Sin embargo, la opinión contraria se impone. Según ella, el lenguaje y la comunicación aparecen como remedio a la violencia del “estado de naturaleza”, y que es mediante el buen uso del lenguaje y una “comunicación efectiva” que podemos solucionar nuestros problemas y evitar así la violencia verdadera, que según esta opinión es siempre “violencia física” o una violencia que se puede explicar por analogía con ella. Nosotros, sin embargo, reconociendo que también es necesario preguntar qué significa ‘violencia’, creemos que esta no tiene nada que ver con ‘herir’ sino con transformar lo diferente en objeto, en materia de trabajo y en herramienta. La herida es un signo a posteriori de la violencia ya consumada. Pero el verdadero objeto de la violencia, que ella misma, en cuanto poder desbocado, constituye imaginativamente, es el cuerpo humano: su transformación, su manipulación, su clasificación y su uso.

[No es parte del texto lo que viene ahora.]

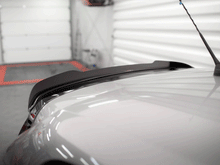 Load image into Gallery viewer, Maxton Design - SPOILER CAP V.2 PEUGEOT 208 MK2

Eso no quiere decir que defendamos la violencia, ni que rechacemos el diálogo para la solución de problemas. Simplemente quiere decir que el lenguaje corrupto no sirve siquiera para resolver problemas, mucho menos para entender lo que los demás quieren decirnos. ¡Ni hablar de comprender el mundo! Ese lenguaje corrupto tiene como característica intrínseca la identificación del texto y del discurso con la verdad del ser, o sea, la verdad absoluta, de la que derivarían todas las verdades, y se olvida de que los procesos evolutivos son inmediatamente desarrollos interpretativos, falsificadores de la experiencia humana. Pero esa verdad no existe; y si existe es insignificante, como el universo mismo en el instante previo al Big Bang.

¿Cómo íbamos a solucionar nuestros problemas mediante el diálogo si no sabemos hablar, ni leer ni escribir? Mucho menos entendemos los grandes peligros del lenguaje y los errores que produce. Me refiero a errores como el patriotismo, el nacionalismo, el especismo, el relativismo y el objetivismo, el universalismo, el teísmo, los prejuicios raciales y de género, los prejuicios morales, etc. Hay verdaderos problemas filosóficos, políticos y económicos detrás de estos asuntos, pero la incapacidad para hablar significativamente nos impide concretar saberes que merezcan la pena y que sean efectivos. A pesar de que corremos el riesgo de caer en ese ñoño humanismo que promueve el autoamansamiento  —como diría P. Sloterdijk— mediante la lectura, no tenemos más opción, para salir de este feudalismo tan bárbaro en el que vivimos, que ejercitarnos en el cuidado del lenguaje. En el cuidado más que en el uso. Es bueno que el uso sea preciso, correcto, bello, pero es más importante que la palabra sea honesta, honrada y consciente de su historia.